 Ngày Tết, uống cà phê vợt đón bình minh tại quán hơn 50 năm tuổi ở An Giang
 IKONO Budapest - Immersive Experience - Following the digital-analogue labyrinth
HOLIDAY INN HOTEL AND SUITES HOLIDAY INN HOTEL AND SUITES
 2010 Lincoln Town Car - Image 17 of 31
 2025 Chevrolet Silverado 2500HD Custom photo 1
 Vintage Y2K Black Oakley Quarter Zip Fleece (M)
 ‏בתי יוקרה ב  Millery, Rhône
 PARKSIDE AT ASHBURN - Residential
---
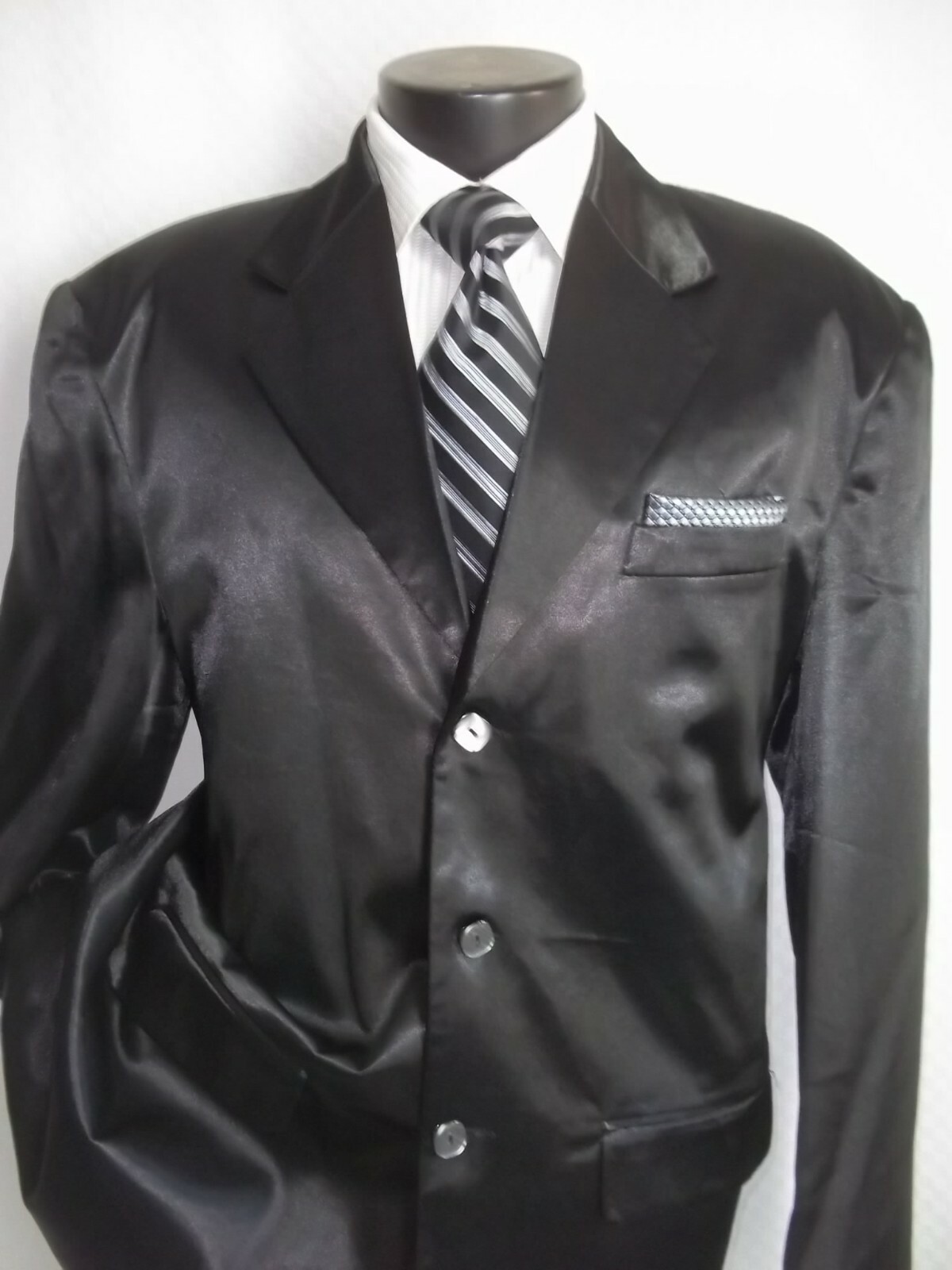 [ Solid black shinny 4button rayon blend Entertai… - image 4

**YOUR ASSIGNMENT**
Within the listing above, give again exactly every line from the line with "2010 Lincoln Town Car - Image 17 of 31" through the line with "PARKSIDE AT ASHBURN - Residential", both included, and no other line.

**SOLUTION TO THE PROBLEM**
 2010 Lincoln Town Car - Image 17 of 31
 2025 Chevrolet Silverado 2500HD Custom photo 1
 Vintage Y2K Black Oakley Quarter Zip Fleece (M)
 ‏בתי יוקרה ב  Millery, Rhône
 PARKSIDE AT ASHBURN - Residential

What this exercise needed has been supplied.